== Problem requirements ==
Taking the material as a whole, state how many of its lines contain "White". Write the number and nothing more.

== Material to process ==

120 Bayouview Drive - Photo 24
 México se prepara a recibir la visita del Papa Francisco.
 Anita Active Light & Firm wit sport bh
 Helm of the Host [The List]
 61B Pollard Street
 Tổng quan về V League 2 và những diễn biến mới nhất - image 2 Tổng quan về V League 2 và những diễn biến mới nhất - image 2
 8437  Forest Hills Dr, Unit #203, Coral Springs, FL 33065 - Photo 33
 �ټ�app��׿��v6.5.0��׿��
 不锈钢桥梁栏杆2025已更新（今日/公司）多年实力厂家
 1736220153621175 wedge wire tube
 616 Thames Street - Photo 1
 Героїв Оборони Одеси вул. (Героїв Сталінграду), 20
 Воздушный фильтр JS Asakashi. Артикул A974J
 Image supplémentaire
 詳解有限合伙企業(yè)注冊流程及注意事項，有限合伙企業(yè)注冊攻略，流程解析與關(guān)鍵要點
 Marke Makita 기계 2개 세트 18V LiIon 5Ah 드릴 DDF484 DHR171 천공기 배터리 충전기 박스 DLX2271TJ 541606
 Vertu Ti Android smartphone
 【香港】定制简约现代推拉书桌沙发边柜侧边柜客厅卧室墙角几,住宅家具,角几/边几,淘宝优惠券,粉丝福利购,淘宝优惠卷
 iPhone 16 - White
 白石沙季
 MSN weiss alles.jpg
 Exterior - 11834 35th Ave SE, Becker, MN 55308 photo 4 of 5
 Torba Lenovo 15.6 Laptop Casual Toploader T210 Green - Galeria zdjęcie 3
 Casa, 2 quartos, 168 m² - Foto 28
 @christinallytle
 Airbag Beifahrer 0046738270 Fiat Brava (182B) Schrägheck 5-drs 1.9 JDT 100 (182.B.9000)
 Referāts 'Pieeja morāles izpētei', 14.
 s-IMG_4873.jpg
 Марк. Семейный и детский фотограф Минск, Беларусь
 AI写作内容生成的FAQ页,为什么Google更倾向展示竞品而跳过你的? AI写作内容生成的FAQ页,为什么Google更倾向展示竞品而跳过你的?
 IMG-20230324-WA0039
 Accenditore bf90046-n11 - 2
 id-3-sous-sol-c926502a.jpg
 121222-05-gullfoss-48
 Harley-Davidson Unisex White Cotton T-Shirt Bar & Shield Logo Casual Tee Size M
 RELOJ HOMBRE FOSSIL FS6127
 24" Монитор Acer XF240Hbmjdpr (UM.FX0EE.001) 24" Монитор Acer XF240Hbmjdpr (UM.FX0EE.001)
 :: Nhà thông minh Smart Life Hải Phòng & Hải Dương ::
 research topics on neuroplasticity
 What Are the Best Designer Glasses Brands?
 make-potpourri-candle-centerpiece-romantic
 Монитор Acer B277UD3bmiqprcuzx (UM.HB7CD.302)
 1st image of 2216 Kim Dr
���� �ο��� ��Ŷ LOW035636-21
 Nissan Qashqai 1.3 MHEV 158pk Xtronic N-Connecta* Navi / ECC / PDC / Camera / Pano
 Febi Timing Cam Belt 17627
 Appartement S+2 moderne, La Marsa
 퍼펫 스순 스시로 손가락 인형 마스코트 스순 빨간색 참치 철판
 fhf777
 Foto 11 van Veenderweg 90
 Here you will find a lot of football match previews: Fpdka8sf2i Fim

== Solved exercise ==
2